Convert html to PDF/A1

Hello.
Version Assose 24.2

I have an HTML file. I open it using Aspose.Words and save it as a PDF. Then, using Aspose.PDF.Drawing, I open the resulting PDF file and convert it to PDF/A-1 format and version 1.4. However, after saving the file to disk, the PDF/A-1 format is not applied to the file.
If I repeat the conversion of the last file to PDF/A-1 and 1.4 again, the PDF/A-1 format is applied to the file.
Why doesn’t the conversion apply the first time?

528672e7d317429894c1a1d28cab11d0.zip (2.4 KB)

@PoweRDeaD

To convert an HTML file to PDF/A-1 format using Aspose.Words and Aspose.PDF, you can follow these steps. It seems that you are experiencing an issue where the PDF/A-1 format is not applied on the first conversion attempt. This could be due to the way the conversion process is handled in your code.

Here’s a general approach to ensure that the conversion to PDF/A-1 is applied correctly:

  1. Convert HTML to PDF: First, use Aspose.Words to load your HTML file and save it as a PDF.

  2. Open the PDF with Aspose.PDF: After saving the PDF, open it using Aspose.PDF.

  3. Convert to PDF/A-1: Use the Convert method to convert the PDF to PDF/A-1 format. Make sure to specify the correct parameters for the conversion.

Here is a sample code snippet that demonstrates this process:

using System;
using Aspose.Words;
using Aspose.Pdf;

class Program
{
    static void Main()
    {
        // Load HTML file and save as PDF
        Document doc = new Document("input.html");
        doc.Save("output.pdf");

        // Open the PDF document
        Document pdfDocument = new Document("output.pdf");

        // Convert to PDF/A-1b compliant document
        pdfDocument.Convert("log.xml", PdfFormat.PDF_A_1B, ConvertErrorAction.Delete);

        // Save the output document
        pdfDocument.Save("output_pdfa.pdf");

        Console.WriteLine("PDF file converted to PDF/A-1b compliant PDF.");
    }
}

Troubleshooting the Conversion Issue

If the PDF/A-1 format is not applied on the first attempt, consider the following:

  • Validation: Ensure that the PDF document meets the requirements for PDF/A-1 compliance.

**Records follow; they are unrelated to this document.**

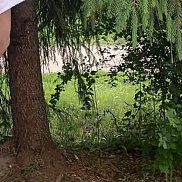 , 39 , 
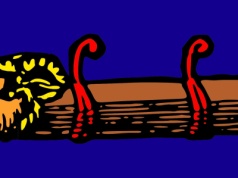 Przekroczyć lewicowy i prawicowy liberalizm. Donald Trump to taran, obalający porządek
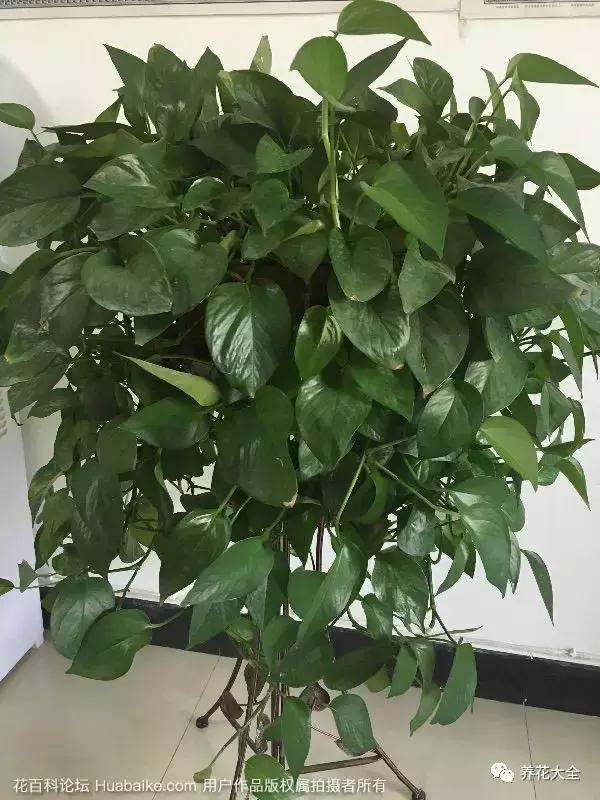 夏季发财树一般多少天浇水一次 (夏季多肉晴天浇水还是雨天浇水)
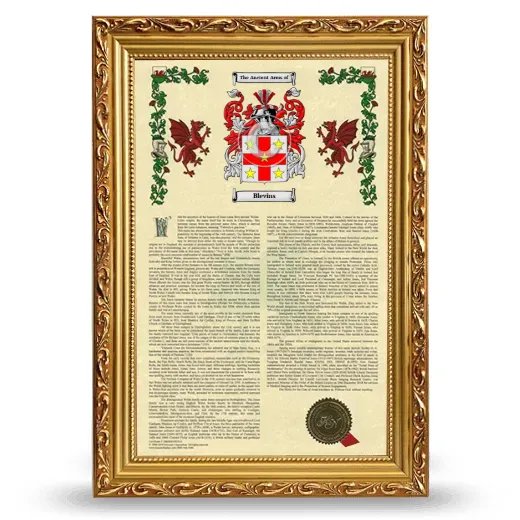 Blevins Armorial History Framed - Gold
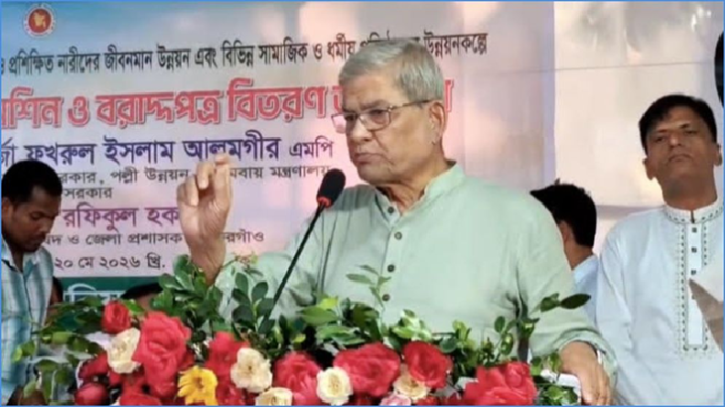 আমরা উড়ে এসে জুড়ে বসিনি: মির্জা ফখরুল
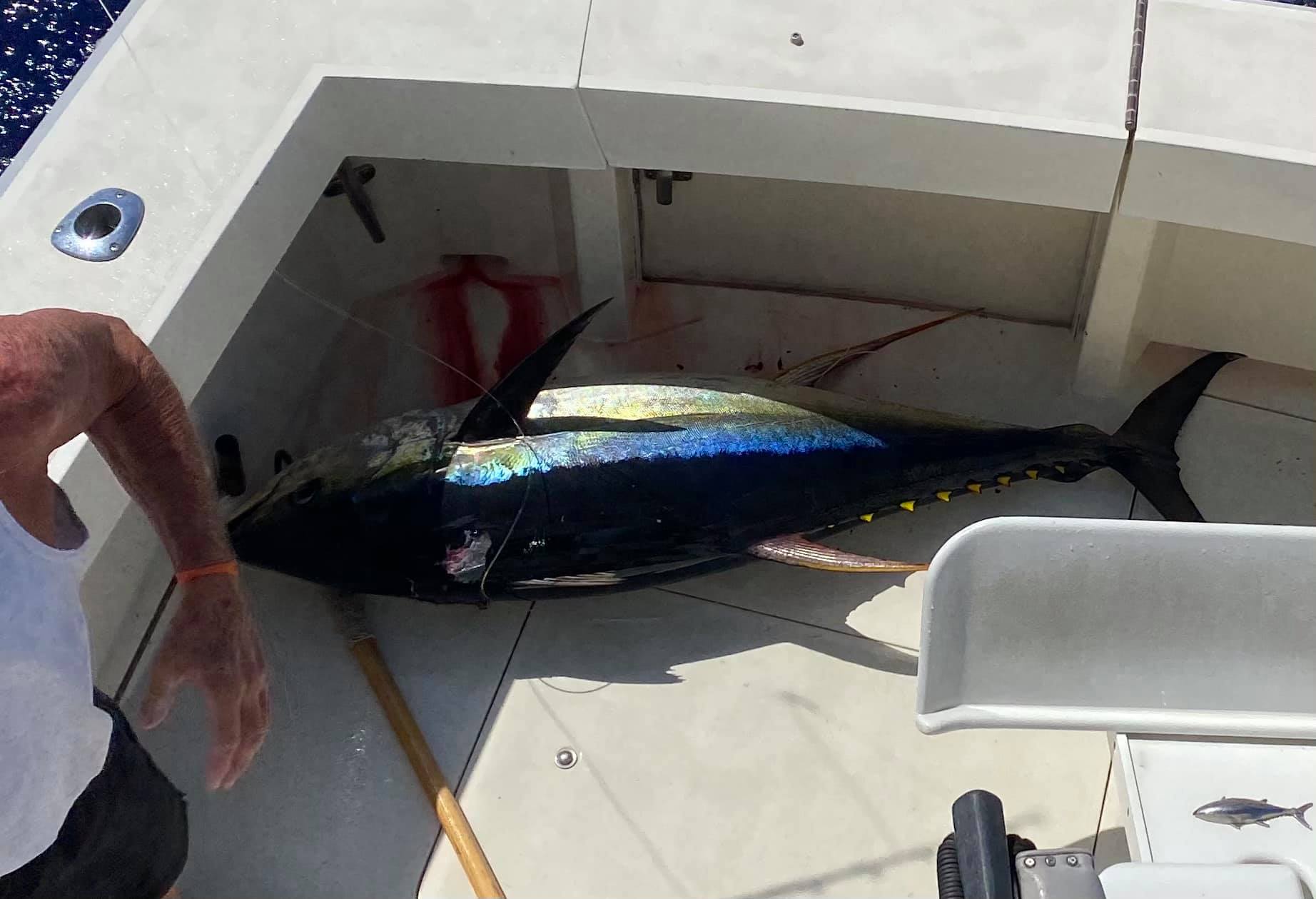 4-8 Hours Kona Fishing Trip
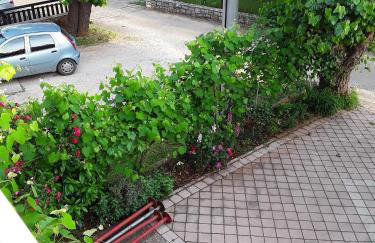 Apartments with a parking space Sosi, Umag - 15967 - Photo 23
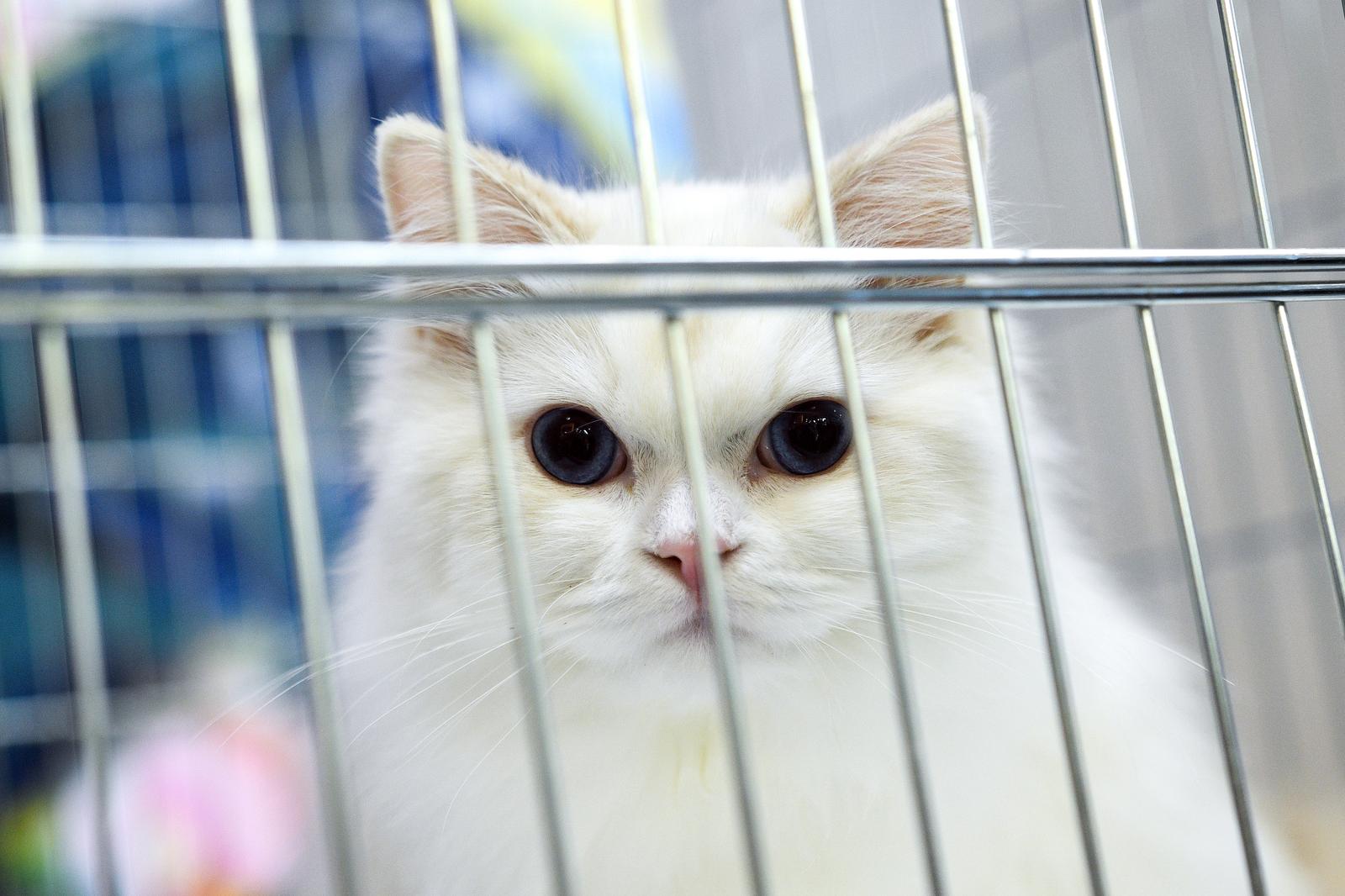 Međunarodna izložba mačaka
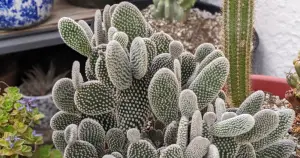 How to repot a leaning cactus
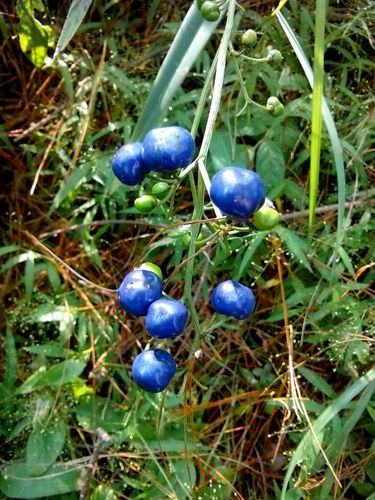 山菅室内喜阴花卉盆栽植物稀有本土绿植水陆绿植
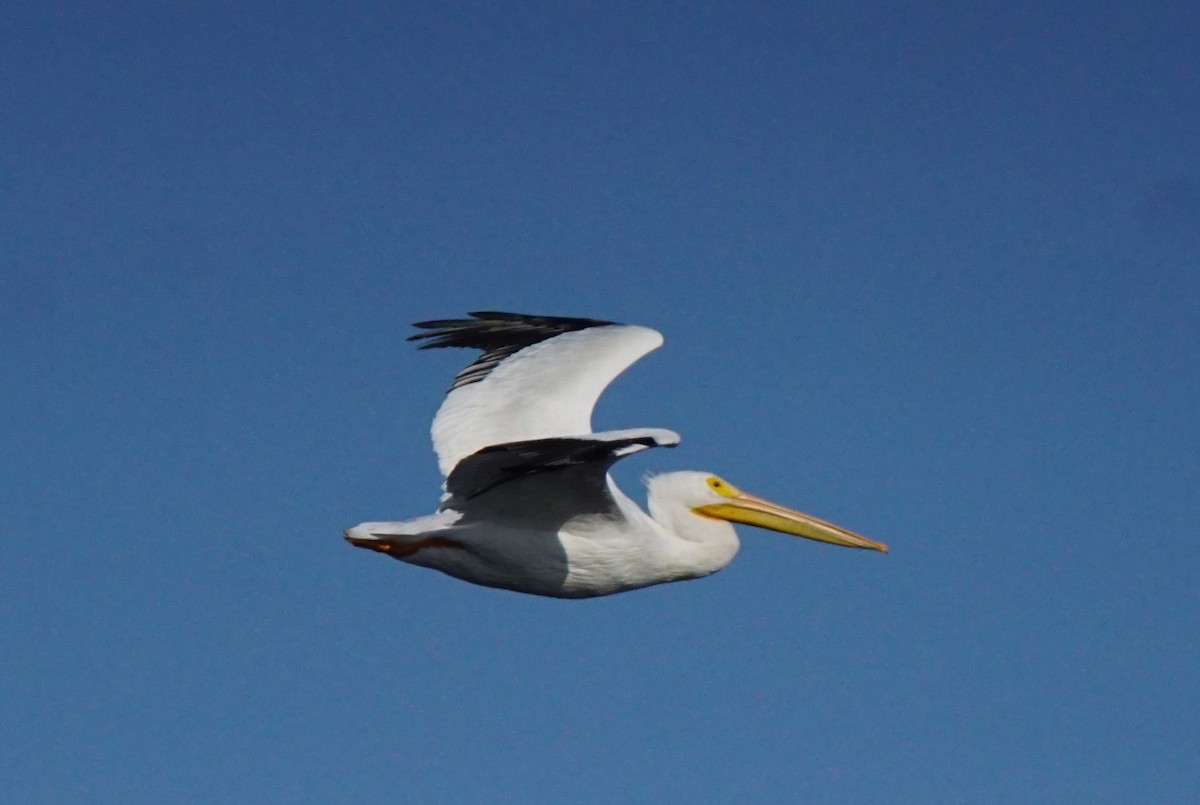 American White Pelican - Nevine Jacob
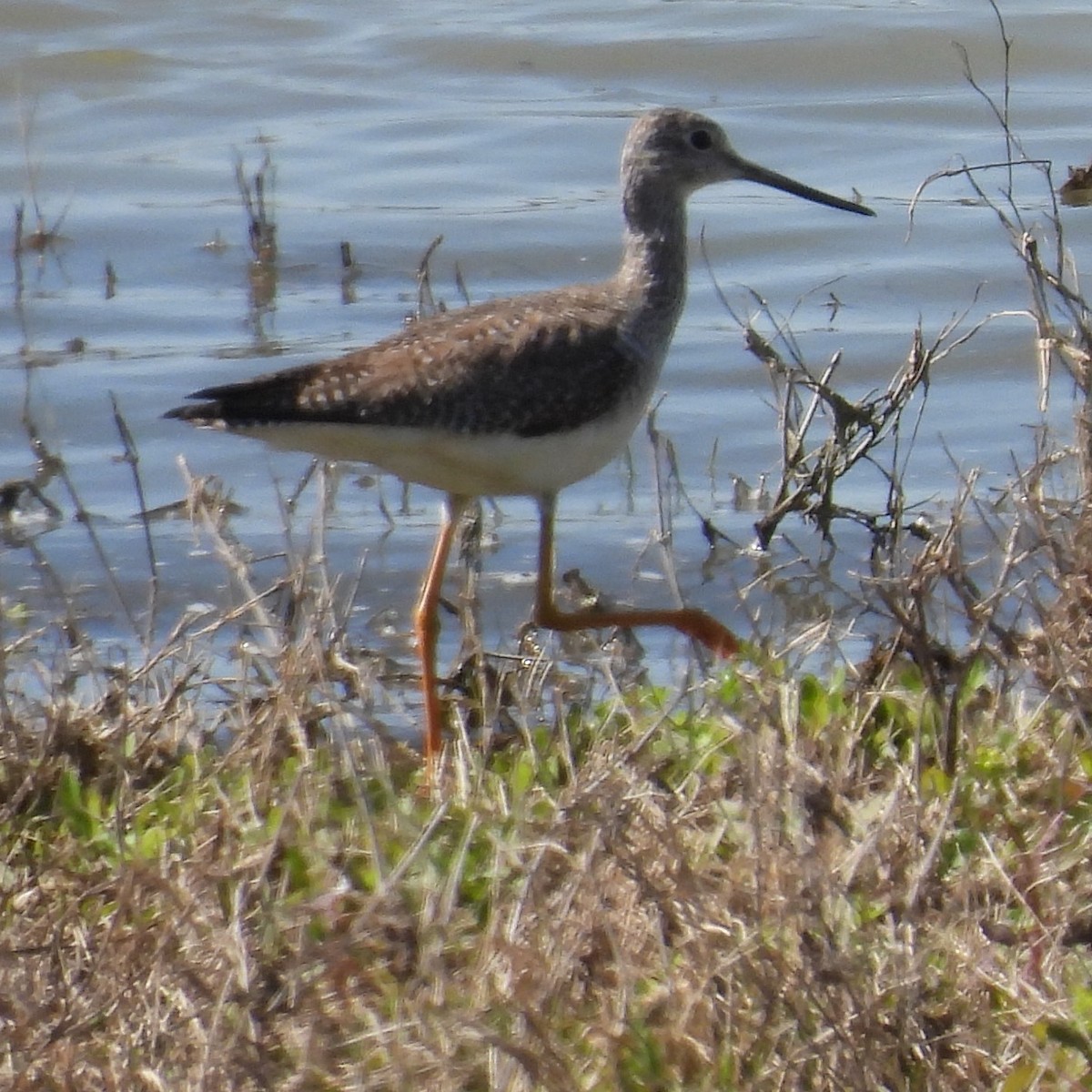 Greater Yellowlegs - ML615432066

The conversion process includes validation, and if the document does not meet the criteria, it may not convert correctly.

  • Logging: Check the log file generated during the conversion process (log.xml). This file can provide insights into any issues encountered during the conversion.

  • Reconversion: As you mentioned, if you convert the resulting PDF again, it works. This might indicate that the initial PDF needs some adjustments or that the conversion process requires a second pass to ensure compliance.

If you continue to face issues, please provide more details about the specific errors or behaviors you observe during the conversion process.

Sources:
[1]: PDFToPDFA.cs

The PDF file obtained from the HTML file passes validation, and the conversion result is always true.

@PoweRDeaD
Let me investigate a bit this issue, I’ll write you back as soon as possible

@PoweRDeaD
Thank you for your patience
I tested with 25.3 version of Aspose Drawing the code you provided and issue wasn’t reproduced, probably it was already solved
Here’s result of first iteration of PDF_A_1A conversion, Adobe Acrobat and VeraPDf shows that no problems were found
first_iteration_of_PDFA_convert.png (82.3 KB)
investigation_results.zip (207.0 KB)
here’re attached files and code I used:

Save(fileNameHtml, fileName, 100);

// First Convert
using (var pdfDocument = new Aspose.Pdf.Document(fileName))
{
    ConvertCollageToOtherPdfVersion(pdfDocument, PdfFormat.PDF_A_1A, PdfVersion.v_1_4);

    pdfDocument.Save(fileName1);
}
using (var pdfDocument = new Aspose.Pdf.Document(fileName1))
{
    Console.WriteLine(string.Format("Result of first document validation is {0}",
        pdfDocument.Validate(new MemoryStream(), PdfFormat.PDF_A_1A)));
}

// Convert again
using (var pdfDocument = new Aspose.Pdf.Document(fileName1))
{
    ConvertCollageToOtherPdfVersion(pdfDocument, PdfFormat.PDF_A_1A, PdfVersion.v_1_4);

    pdfDocument.Save(fileName2);
}

using (var pdfDocument = new Aspose.Pdf.Document(fileName2))
{
    Console.WriteLine(string.Format("Result of second document validation  is {0}",
        pdfDocument.Validate(new MemoryStream(), PdfFormat.PDF_A_1A)));
}

What version of Aspose Drawing did you use?

Version Aspose 24.2

@PoweRDeaD
in this case I would recommend to upgrade version and see if the issue is still present.